Ainer Cleve

No. 1, 18
- Positions: Halfback, end

Personal information
- Born: November 27, 1897 Minneapolis, Minnesota, U.S
- Died: March 23, 1990 (aged 92) Edina, Minnesota, U.S
- Listed height: 5 ft 9 in (1.75 m)
- Listed weight: 175 lb (79 kg)

Career information
- High school: South (Minneapolis)
- College: St. Thomas (MN)

Career history
- Minneapolis Marines (1921–1924);

Career statistics
- Games: 19
- Stats at Pro Football Reference

= Ainer Cleve =

American football player (1897–1990)

Ainer Martin Cleve (November 27, 1897 – March 23, 1990), sometimes spelled as Ainar Cleve, Einer Cleve, or Einar Cleve, was an American football player. He played professional or semi-professional football in Minnesota from at least 1920 to 1928, including 19 games as a halfback and end with the Minneapolis Marines in the early years of the National Football League (NFL).

==Early life==
Cleve was born in Minneapolis, Minnesota, in 1897. He played high school football at South High School in Minneapolis and college football for the College of St. Thomas (now known as the University of St. Thomas).

==Professional football==
Cleve played for the Minneapolis Marines at least as early as 1920, and continued to play professional or semi-professional football through at least 1928. From 1921 to 1924, the Marines played in the National Football League (NFL) with Cleve playing at the halfback and end positions. He appeared in 19 official NFL games, 13 as a starter, and scored two touchdowns. In a November 1923 game against the Racine Cardinals, Cleve scored the winning touchdown on a long pass described as follows: "Cleve, surrounded by three Racine players leaped into the air, grabbed the oval and raced 10 yards across the line." He also played on defense, intercepting a pass to set up a Minneapolis touchdown in December 1923.
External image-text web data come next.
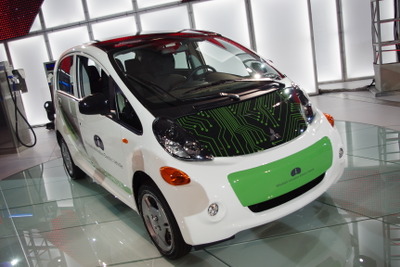 【ロサンゼルスモーターショー10】三菱 i-MiEV 詳細画像…ワイドな北米仕様 画像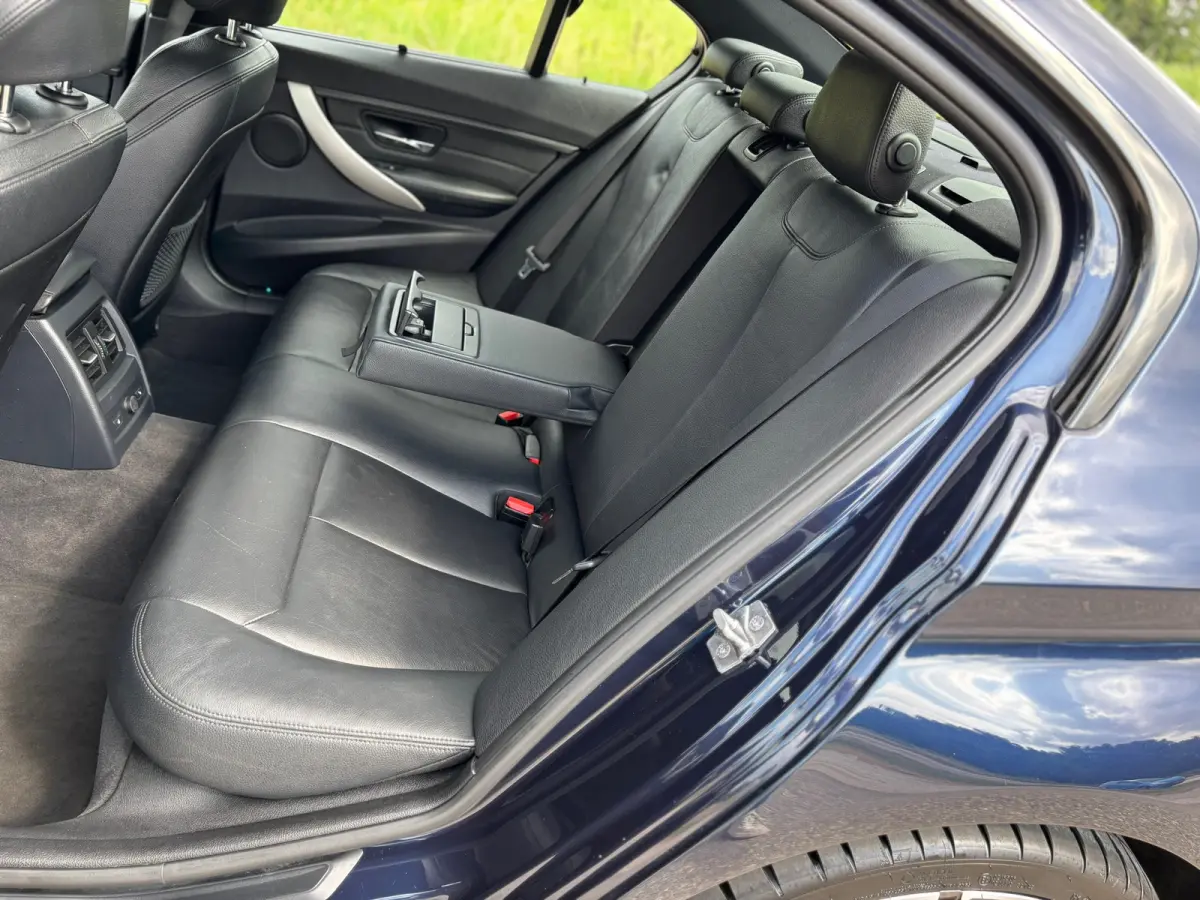 335i High Executive Aut/Leder/Navi Head up/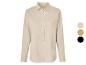 Chemise en lin beige ; disponible en plusieurs couleurs.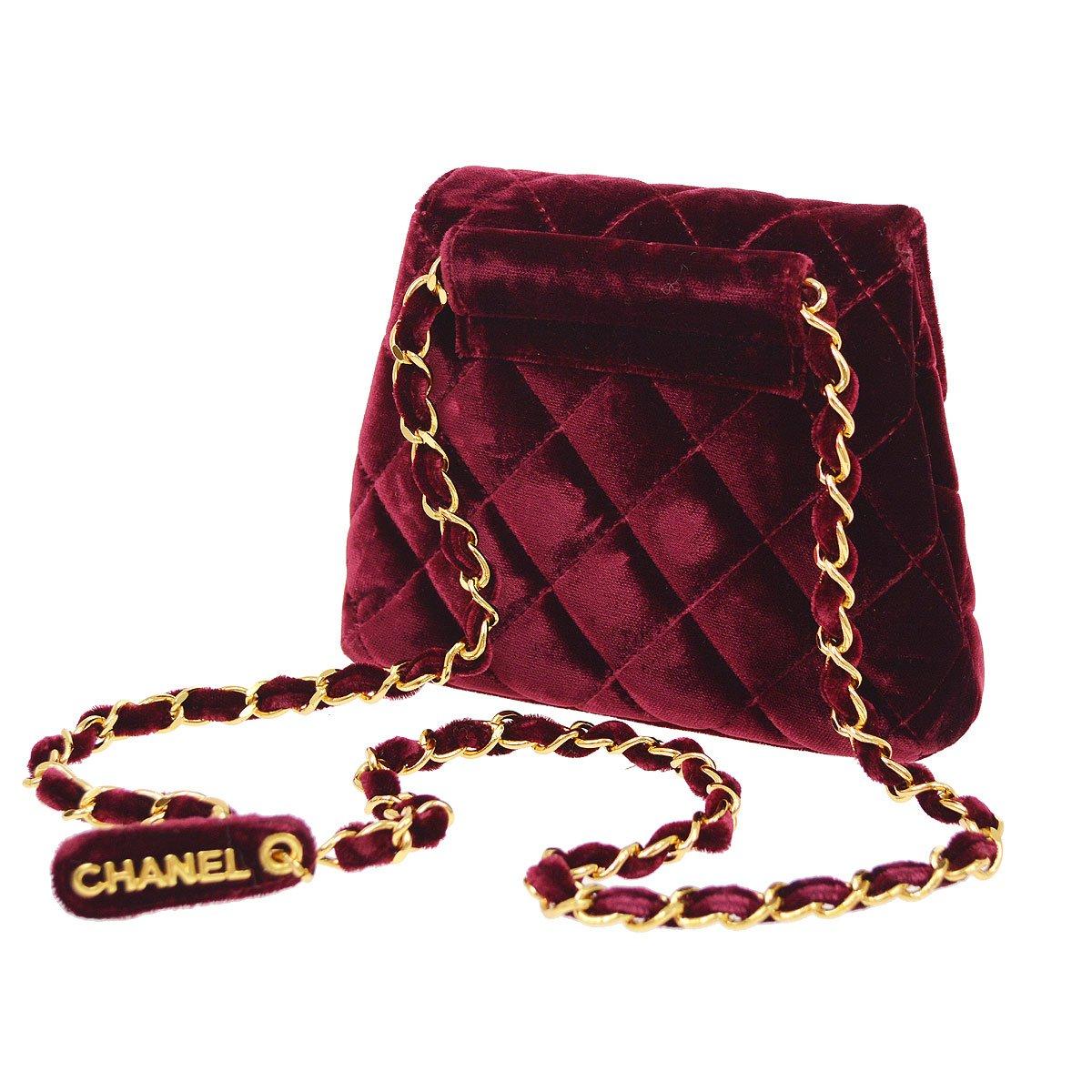 CHANEL Borsa da sera in velluto rosso borgogna con hardware placcato in oro 24 In condizioni buone in vendita a Chicago, IL
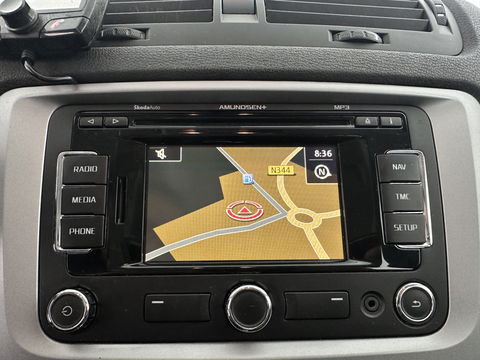 Škoda Octavia Combi 1.6 TDI Ambition Business Line Aut. *NAVI-FULLMAP | AIRCO | CRUISE | AMUNDSEN-AUDIO | PDC | COMFORT-SEATS | TOWBAR | 15''ALU*
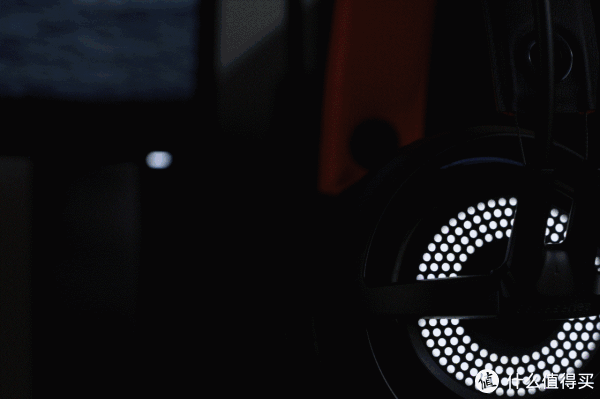 话说要是面对面和敌方开黑,对面要是看到你灯闪万一猜到什么好像也有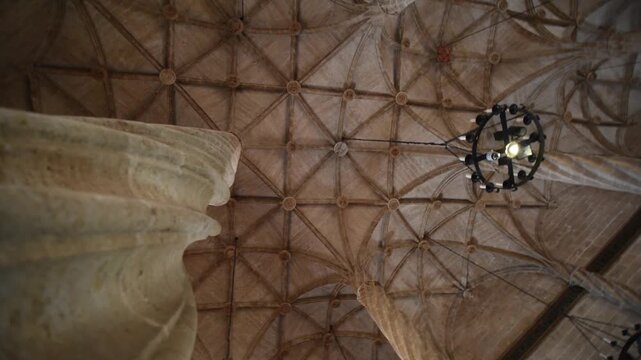 La Lonja de la Seda Valencia &ndash; Medieval Gothic Columns and Vaulted Ceiling Interior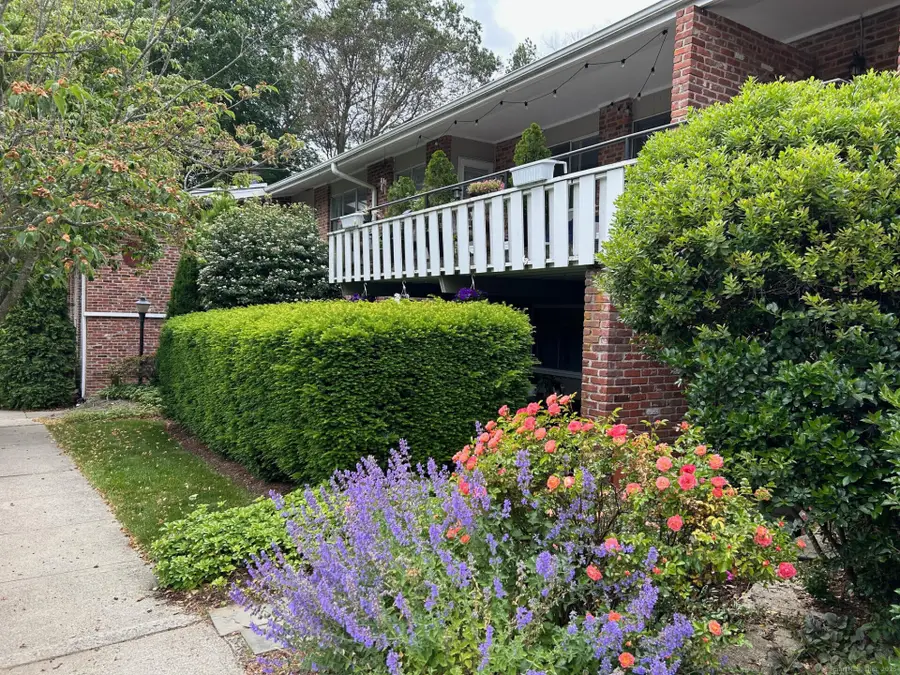 195 Southport Woods Drive #195, Southport, CT 06890 - #3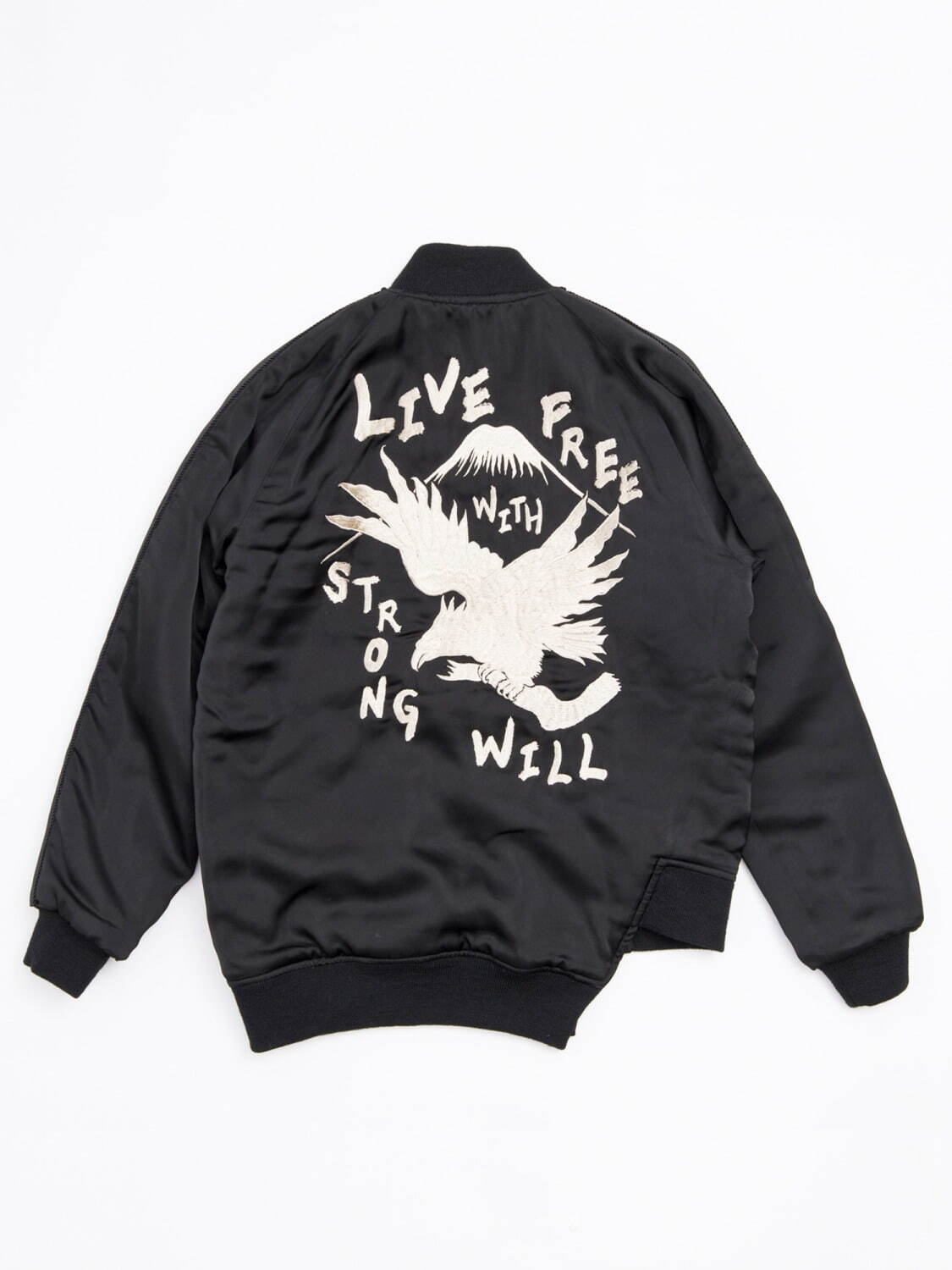 コム デ ギャルソン 青山店限定、東洋エンタープライズ“歪み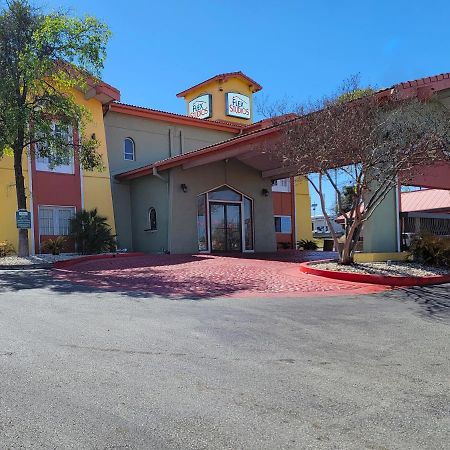 Flex Studios San Antonio Exterior photo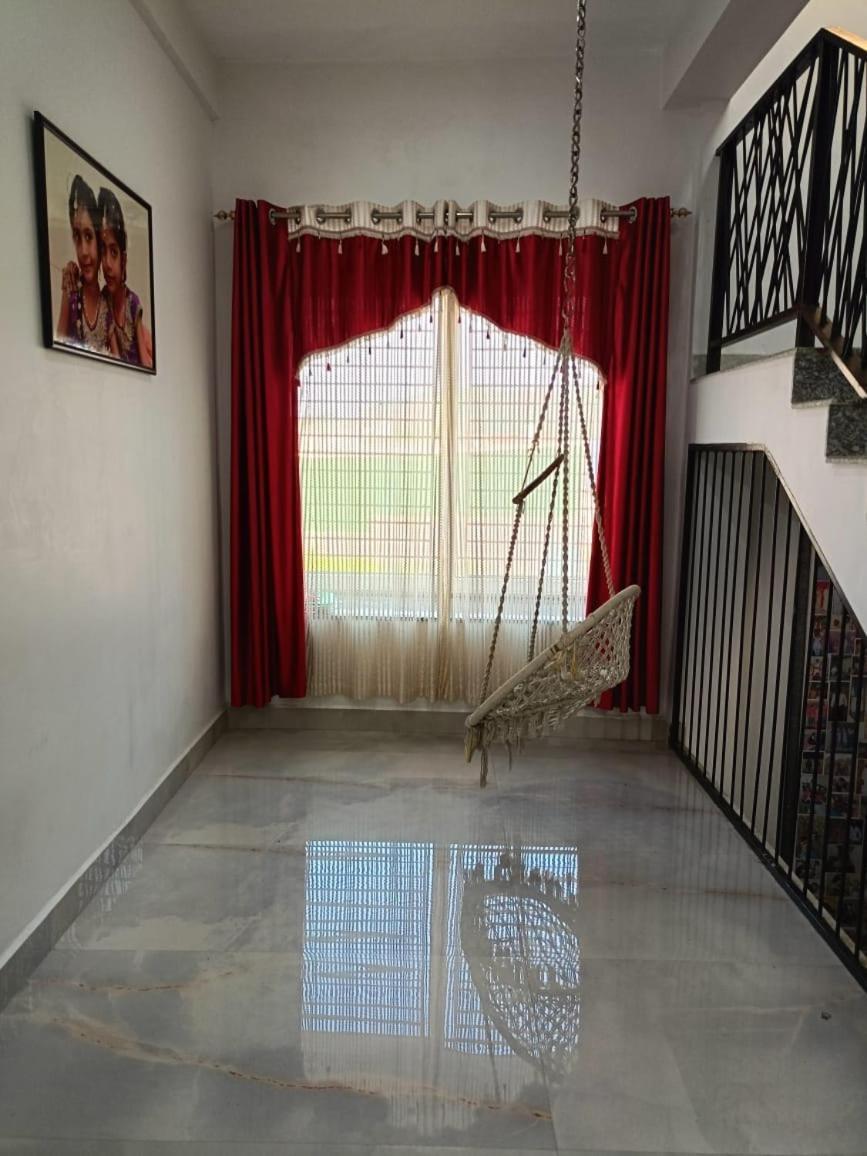 Ezhilagam Stays Chennai Exterior foto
After the Marines folded in 1925, Cleve joined the independent Minneapolis Oaks in September 1925 along with several other former Marines including Adrian Baril, Rudy Tersch, John Madigan, Louie Mohs, and Bill Irgens. At the start of October, it was reported he joined the Ironwood Legion, along with several Oaks teammates including Baril and Chuck Reichow. He also played in November 1925 for the Minneapolis Liberties.

In 1926, the Minneapolis Liberties moved to Rochester, Minnesota, and were renamed the Rochester Aces. Cleve played with the Rochester club during the 1926 season. The Rochester Post-Bulletin in September 1926 wrote:Ainer Cleve, another veteran, has been a regular with the Minneapolis Marines for the last five years. He is a half back and triple threat man, dangerous at all times. He has a habit of skipping through an open field in nothing flat. Line plunging is his forte also, and as a battering ram Cleve is always good for several yards anywhere."

The Minneapolis Marines were re-formed in 1927 and he returned to them, joining several former teammates including Mason and Baril. The Minneapolis Journal in September 1927 called Cleve "a pillar of strength in the Marine offense the last few years."

==Family and later years==
Cleve was the older brother of Frank Cleve, who coached the football, basketball, and baseball teams for several years at Concordia College in Moorhead, Minnesota.

Ainer Cleve died in 1990 in Edina, Minnesota.